* SOURCE MATERIAL

:::::

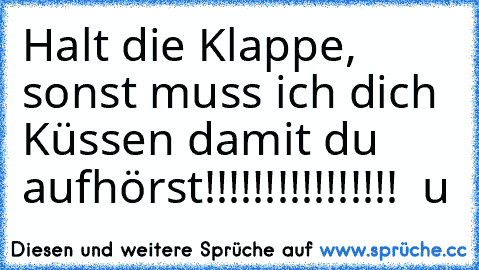 Halt die Klappe, sonst muss ich dich Küssen damit du aufhörst!!!!!!!!!!!!!!!! ♥ u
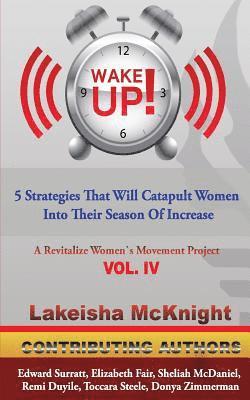 Wake Up: 5 Strategies That Will Catapult Women Into Their Season Of Increase 1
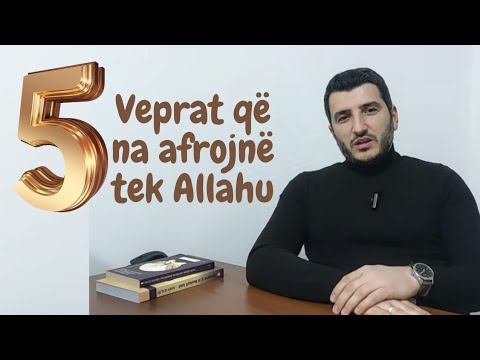 5 Vepra që na afrojnë tek Allahu - Hoxhë Mevlan Abazi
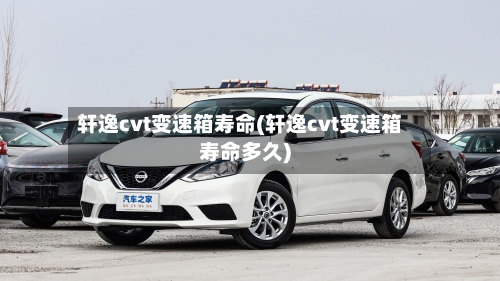 轩逸cvt变速箱寿命(轩逸cvt变速箱寿命多久)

:::::

* EXERCISE DIRECTIONS
Transcribe all the lines above exactly, apart from the pictures.

* OUTPUT OF THE EXERCISE
 Halt die Klappe, sonst muss ich dich Küssen damit du aufhörst!!!!!!!!!!!!!!!! ♥ u
 Wake Up: 5 Strategies That Will Catapult Women Into Their Season Of Increase 1
 5 Vepra që na afrojnë tek Allahu - Hoxhë Mevlan Abazi
 轩逸cvt变速箱寿命(轩逸cvt变速箱寿命多久)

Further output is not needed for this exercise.